Required work -
Down to the last line of the listing, starting at the one with "Jdm / Tuning", retype each line exactly. Do not copy the pictures.

Dataset excerpt -
........

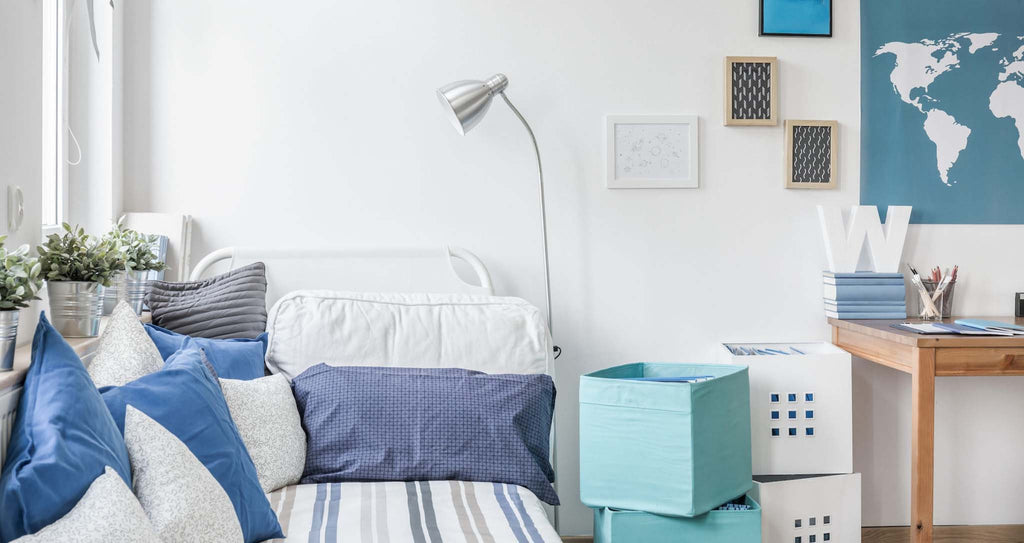 Chambre Ado Garçon Bleu et Blanc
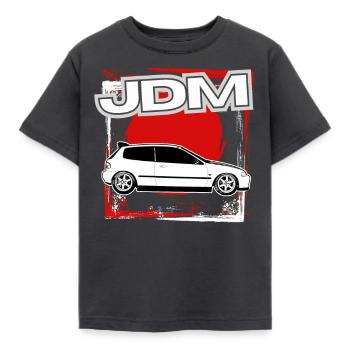Jdm / Tuning / Turbocompresseur / Jantes / Chiptuning - T-shirt Enfant - charbon - Devant - AI Model Kid Female (0cm)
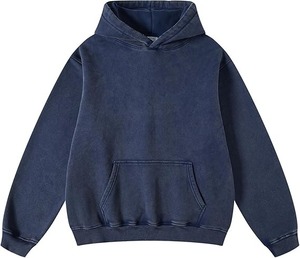 Sweat à capuche vintage délavé à l'acide pour homme Sweat à capuche en coton surdimensionné Marque privée - Product Image 1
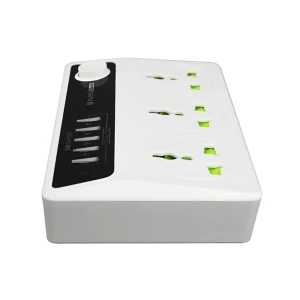 Bavin power socket 3 outlets + 4 usb 3.4a, intelligent timer control, eu plug, white Thumbnail 3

........

Task output -
Jdm / Tuning / Turbocompresseur / Jantes / Chiptuning - T-shirt Enfant - charbon - Devant - AI Model Kid Female (0cm)
 Sweat à capuche vintage délavé à l'acide pour homme Sweat à capuche en coton surdimensionné Marque privée - Product Image 1
 Bavin power socket 3 outlets + 4 usb 3.4a, intelligent timer control, eu plug, white Thumbnail 3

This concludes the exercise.